Olympic Analysis
Data Description
I choose to investigate a dataset containing information about the Olympic Games between 1896 and 2016. The data set is read in and displayed using the code below.
# Read in the data set
athletes <- read_csv('./Data/athlete_events.csv')
noc <- read_csv('./Data/noc_regions.csv')
# Display the athlete data set
athletes
# A tibble: 271,116 × 15
ID Name Sex Age Height Weight Team NOC Games Year Season City
<dbl> <chr> <chr> <dbl> <dbl> <dbl> <chr> <chr> <chr> <dbl> <chr> <chr>
1 1 A Dijia… M 24 180 80 China CHN 1992… 1992 Summer Barc…
2 2 A Lamusi M 23 170 60 China CHN 2012… 2012 Summer Lond…
3 3 Gunnar … M 24 NA NA Denm… DEN 1920… 1920 Summer Antw…
4 4 Edgar L… M 34 NA NA Denm… DEN 1900… 1900 Summer Paris
5 5 Christi… F 21 185 82 Neth… NED 1988… 1988 Winter Calg…
6 5 Christi… F 21 185 82 Neth… NED 1988… 1988 Winter Calg…
7 5 Christi… F 25 185 82 Neth… NED 1992… 1992 Winter Albe…

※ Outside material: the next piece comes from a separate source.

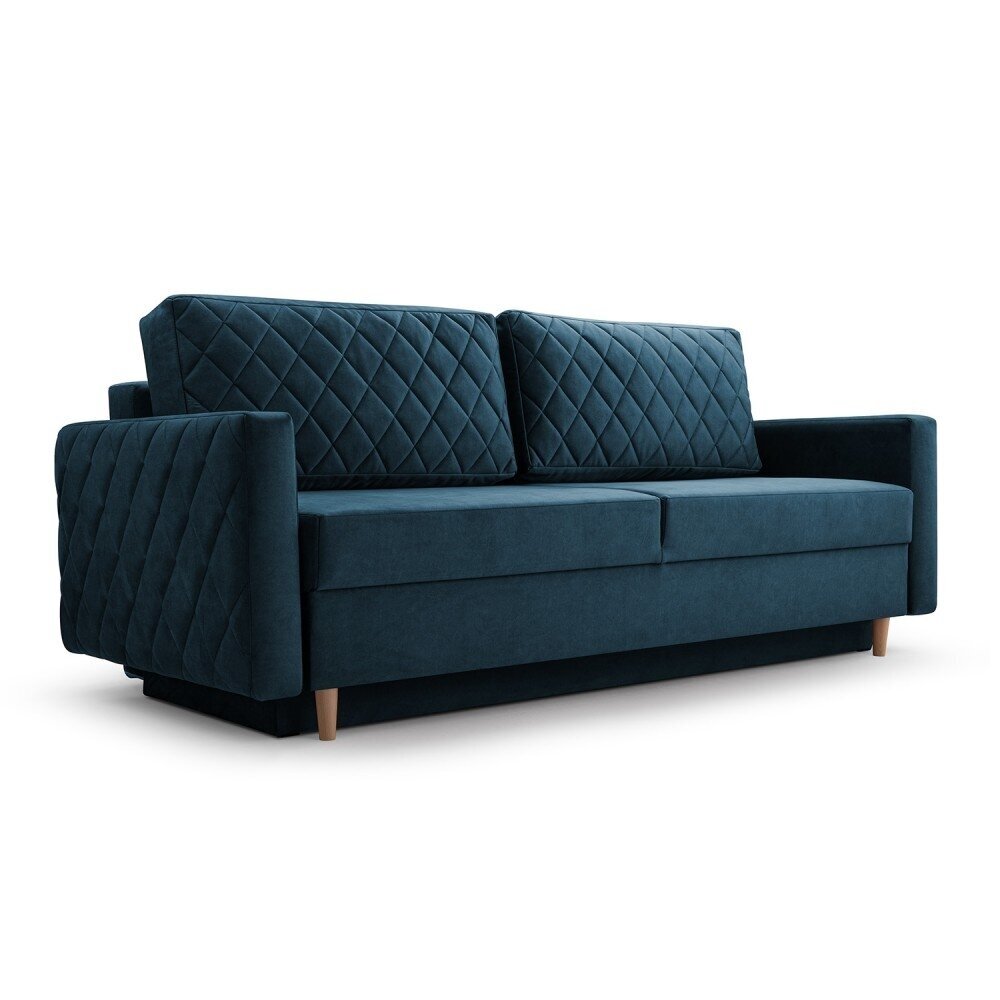 Sofa - lova Sofa - lova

8 5 Christi… F 25 185 82 Neth… NED 1992… 1992 Winter Albe…
9 5 Christi… F 27 185 82 Neth… NED 1994… 1994 Winter Lill…
10 5 Christi… F 27 185 82 Neth… NED 1994… 1994 Winter Lill…
# … with 271,106 more rows, and 3 more variables: Sport <chr>, Event <chr>,
# Medal <chr>
# A tibble: 230 × 3
NOC region notes
<chr> <chr> <chr>
1 AFG Afghanistan <NA>
2 AHO Curacao Netherlands Antilles
3 ALB Albania <NA>
4 ALG Algeria <NA>
5 AND Andorra <NA>
6 ANG Angola <NA>
7 ANT Antigua Antigua and Barbuda
8 ANZ Australia Australasia
9 ARG Argentina <NA>
10 ARM Armenia <NA>
# … with 220 more rows
The dataset comes as a set of two csv files: ‘athlete_events’ and ‘noc_regions’ where each file represents a table in a relational database. The ‘athlete_events’ table contains most of the information that I am interested in. Each row in this table contains information about an athlete who competed in an Olympic event. Note that athletes can occur in the table more than once if they competed in multiple events or games. A good example of this is Michael Phelps who appears in the athletes table many times.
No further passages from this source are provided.